Word Vector Interface and Models
Code for the Word Vector Interface can be found on GitHub at https://github.com/NEU-DSG/wwp-w2vonline. The Interface itself is an RStudio Shiny application developed by Jonathan D. Fitzgerald and Parth Tandel. It uses Benjamin Schmidt’s R package wordVectors (which itself includes a version of Tomas Mikolov’s original code for word2vec) to train and query word embedding models.
This GitHub repository includes the models used in the Word Vector Interface, as well as a JSON catalog containing descriptions of those models.
Plain-Text Generation Routines
The scripts and stylesheets which generate plaintext from XML can be found at https://github.com/NEU-DSG/wwp-public-code-share/tree/master/fulltext. This repository contains an XSLT stylesheet and several XQueries developed by Women Writers Project staff.
The XSLT stylesheet takes a single document encoded according to the conventions of Text Encoding Initiative (TEI).
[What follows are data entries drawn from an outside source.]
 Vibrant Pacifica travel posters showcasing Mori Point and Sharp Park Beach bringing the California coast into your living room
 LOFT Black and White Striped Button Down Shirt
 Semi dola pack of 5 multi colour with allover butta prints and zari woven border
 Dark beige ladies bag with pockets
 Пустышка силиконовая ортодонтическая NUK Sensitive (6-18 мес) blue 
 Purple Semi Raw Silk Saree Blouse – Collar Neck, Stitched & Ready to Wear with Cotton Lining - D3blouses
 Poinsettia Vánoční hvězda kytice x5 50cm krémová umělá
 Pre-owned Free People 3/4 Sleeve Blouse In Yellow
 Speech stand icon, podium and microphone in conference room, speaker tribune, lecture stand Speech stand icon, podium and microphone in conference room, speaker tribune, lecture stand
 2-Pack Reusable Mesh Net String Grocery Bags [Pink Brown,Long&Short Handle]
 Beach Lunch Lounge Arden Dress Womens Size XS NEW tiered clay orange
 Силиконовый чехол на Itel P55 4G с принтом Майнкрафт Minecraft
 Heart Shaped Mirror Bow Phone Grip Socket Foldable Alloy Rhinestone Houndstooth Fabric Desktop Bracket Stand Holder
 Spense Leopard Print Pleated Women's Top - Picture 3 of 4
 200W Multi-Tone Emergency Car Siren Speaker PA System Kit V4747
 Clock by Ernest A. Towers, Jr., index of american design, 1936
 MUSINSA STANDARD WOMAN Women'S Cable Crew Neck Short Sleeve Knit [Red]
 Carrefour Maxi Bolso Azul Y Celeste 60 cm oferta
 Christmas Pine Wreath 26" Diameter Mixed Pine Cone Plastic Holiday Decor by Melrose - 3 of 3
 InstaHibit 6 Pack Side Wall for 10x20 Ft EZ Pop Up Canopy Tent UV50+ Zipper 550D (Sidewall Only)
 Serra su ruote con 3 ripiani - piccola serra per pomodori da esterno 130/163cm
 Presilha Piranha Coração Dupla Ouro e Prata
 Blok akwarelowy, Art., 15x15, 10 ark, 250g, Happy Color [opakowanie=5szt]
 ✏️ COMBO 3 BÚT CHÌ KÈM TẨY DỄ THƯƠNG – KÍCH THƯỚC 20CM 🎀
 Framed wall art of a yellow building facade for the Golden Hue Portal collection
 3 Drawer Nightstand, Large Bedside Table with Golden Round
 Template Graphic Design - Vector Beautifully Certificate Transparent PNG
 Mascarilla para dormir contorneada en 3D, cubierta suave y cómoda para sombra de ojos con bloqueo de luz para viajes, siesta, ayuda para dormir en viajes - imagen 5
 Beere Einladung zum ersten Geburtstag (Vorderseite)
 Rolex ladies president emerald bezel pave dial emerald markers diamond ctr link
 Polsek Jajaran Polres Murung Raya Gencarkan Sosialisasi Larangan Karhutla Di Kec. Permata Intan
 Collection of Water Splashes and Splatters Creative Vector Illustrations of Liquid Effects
The XML is modified such that, within the main content, most serializers could extract plaintext from the document’s text nodes. The XQuery scripts are used to extract plaintext from XML text nodes in the simplest possible manner.
Walkthroughs for training and querying a model using the wordVectors package can be found at https://github.com/NEU-DSG/wwp-public-code-share/tree/master/WordVectors. This repository contains two RMarkdown files: the introduction includes detailed instructions and comments; it is designed to cover the full process from installing packages to testing models for those who have a basic familiarity with R but no previous experience with word2vec. The template file includes code for training and querying models with more minimal instruction; it is designed to make these processes convenient for those who are familiar with the basics.
The repository also contains a "data" folder with a small set of test texts, an "output" folder where any exports can be saved, and a project file to help organize work in this directory.